WHAT TO WORK ON -> Look below for the line holding "Boxspring met matras" and the line holding "Download Ron Pope". Repeat those two and everything between, exactly.

PROVIDED INFORMATION ->
+++++

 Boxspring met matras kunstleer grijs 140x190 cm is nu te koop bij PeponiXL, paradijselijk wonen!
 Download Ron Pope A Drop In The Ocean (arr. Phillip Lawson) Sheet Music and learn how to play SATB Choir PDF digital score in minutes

+++++

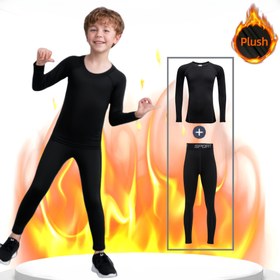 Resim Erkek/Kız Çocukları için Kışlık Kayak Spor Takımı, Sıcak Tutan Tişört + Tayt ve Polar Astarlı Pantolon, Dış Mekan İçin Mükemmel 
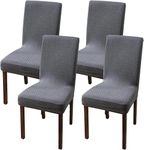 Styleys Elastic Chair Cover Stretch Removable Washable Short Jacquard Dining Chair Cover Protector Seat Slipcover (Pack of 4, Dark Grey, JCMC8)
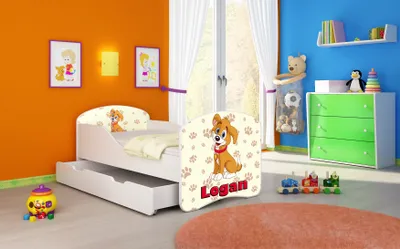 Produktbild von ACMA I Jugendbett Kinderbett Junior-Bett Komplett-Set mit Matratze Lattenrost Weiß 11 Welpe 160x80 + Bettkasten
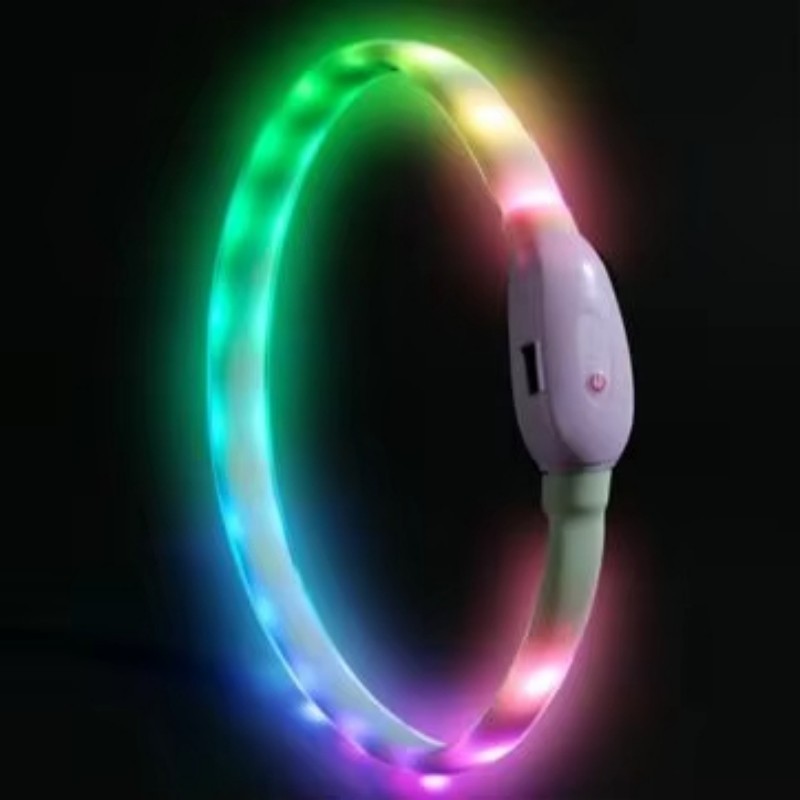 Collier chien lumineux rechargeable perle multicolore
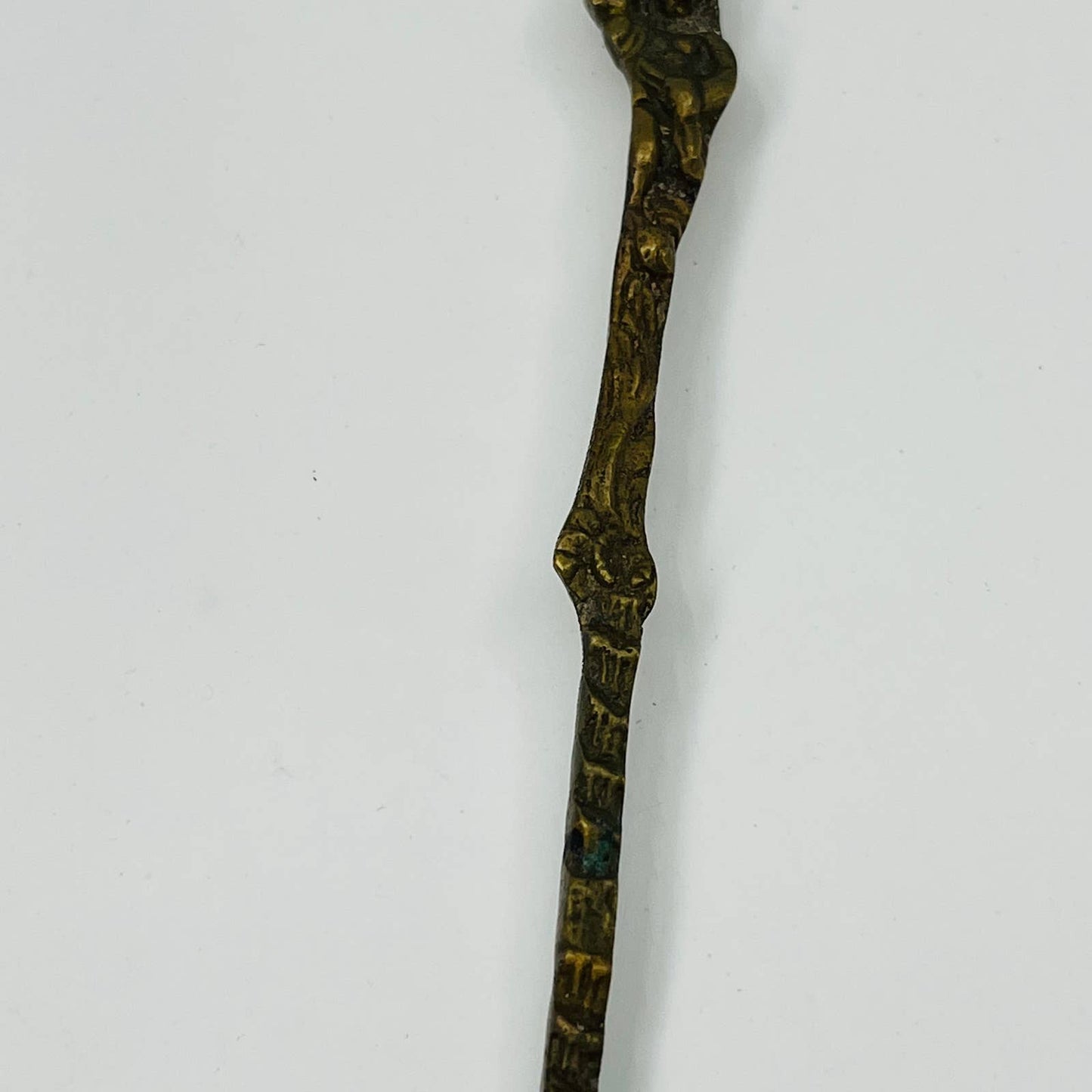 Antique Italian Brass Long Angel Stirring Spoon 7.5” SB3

+++++

ANSWER TO THE PROBLEM ->
 Boxspring met matras kunstleer grijs 140x190 cm is nu te koop bij PeponiXL, paradijselijk wonen!
 Download Ron Pope A Drop In The Ocean (arr. Phillip Lawson) Sheet Music and learn how to play SATB Choir PDF digital score in minutes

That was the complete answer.